Do's and Don'ts of Barging
Many of the following points apply wherever you are doing your barging whether it is in the UK or Continental Europe. Barges are slow, heavy vessels which need skilful handling. Once those skills are mastered they are easy to steer, fun to travel about on and very simple to handle. Keeping yourself and your crew safe is the essential prerequisite to a hugely exciting and satisfying adventure.
- Accidents rarely happen to those in the wheelhouse; they happen out on the deck to the crew.
- Accidents to people almost always involve the use of ropes: learn to handle them properly.
- Treat ropes with respect; never step on them, keep them coiled, don't stand with them round your feet.
- Accidents mostly happen in locks: don't allow yourself to be distracted.
- Accidents happen because of poor communication between master and crew: be sure that instructions are clearly understood.
- Accidents happen through ignorance and inexperience: learn as much as you can about barging before you set out.
- When you have visitors on board make sure they are fully briefed before you allow them to assist.
- Many accidents occur as a result of boats getting hung up in locks by lines becoming jammed: learn how to ensure this never happens.
- For the most part you have no control over how much and how fast water fills or empties a lock: keep careful control your boat and an eye on your crew.
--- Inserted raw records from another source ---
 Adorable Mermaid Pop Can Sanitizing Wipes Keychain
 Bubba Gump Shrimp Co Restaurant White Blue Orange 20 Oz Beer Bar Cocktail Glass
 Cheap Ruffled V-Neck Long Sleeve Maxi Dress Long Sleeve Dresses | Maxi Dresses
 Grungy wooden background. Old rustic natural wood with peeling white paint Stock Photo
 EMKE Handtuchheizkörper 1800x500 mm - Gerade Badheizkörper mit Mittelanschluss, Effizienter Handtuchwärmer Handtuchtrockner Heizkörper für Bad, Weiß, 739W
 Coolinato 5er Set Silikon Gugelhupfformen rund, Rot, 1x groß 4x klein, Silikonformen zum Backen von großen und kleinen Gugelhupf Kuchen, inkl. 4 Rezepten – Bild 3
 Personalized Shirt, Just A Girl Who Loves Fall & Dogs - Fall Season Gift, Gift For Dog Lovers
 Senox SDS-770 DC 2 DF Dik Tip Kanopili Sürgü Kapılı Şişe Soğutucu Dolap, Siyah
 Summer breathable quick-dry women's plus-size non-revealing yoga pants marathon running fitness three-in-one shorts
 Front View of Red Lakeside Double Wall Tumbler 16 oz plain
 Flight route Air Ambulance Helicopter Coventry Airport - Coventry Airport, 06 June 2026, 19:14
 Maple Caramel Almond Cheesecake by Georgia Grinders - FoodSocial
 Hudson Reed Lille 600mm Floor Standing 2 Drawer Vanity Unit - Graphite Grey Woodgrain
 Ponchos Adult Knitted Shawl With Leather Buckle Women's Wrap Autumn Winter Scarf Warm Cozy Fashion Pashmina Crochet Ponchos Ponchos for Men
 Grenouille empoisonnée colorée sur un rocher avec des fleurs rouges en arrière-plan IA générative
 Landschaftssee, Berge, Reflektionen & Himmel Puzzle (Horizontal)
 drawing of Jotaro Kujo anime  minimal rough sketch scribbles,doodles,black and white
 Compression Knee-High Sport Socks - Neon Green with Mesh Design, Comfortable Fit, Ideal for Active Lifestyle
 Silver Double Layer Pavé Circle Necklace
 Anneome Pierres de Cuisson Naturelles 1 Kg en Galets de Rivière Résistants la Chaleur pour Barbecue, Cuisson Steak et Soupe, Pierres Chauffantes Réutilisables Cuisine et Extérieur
- Don't climb up and down lock ladders unnecessarily: learn to throw ropes.
- Don't get off the boat to put a line ashore or onto a lock side bollard: make it a generality to always work from the boat to the bank.
- Never jump off the boat.
- Don't try to stop a moving boat by hauling on the rope: take a turn with it round anything to hand.
- Man overboard is a rare occurrence but most likely to happen in locks: be extra vigilant.
- Keep deck equipment and ropes tidy and always in the same place.
- Lock-keepers do not know much about barges: obey their instructions only if you think it is safe to do so.
- Gaining an ICC does not teach you how to handle a barge.
Further thoughts on safety can be found in Tam Murrel's barging blog
Keep safe; be happy; have fun on your barge.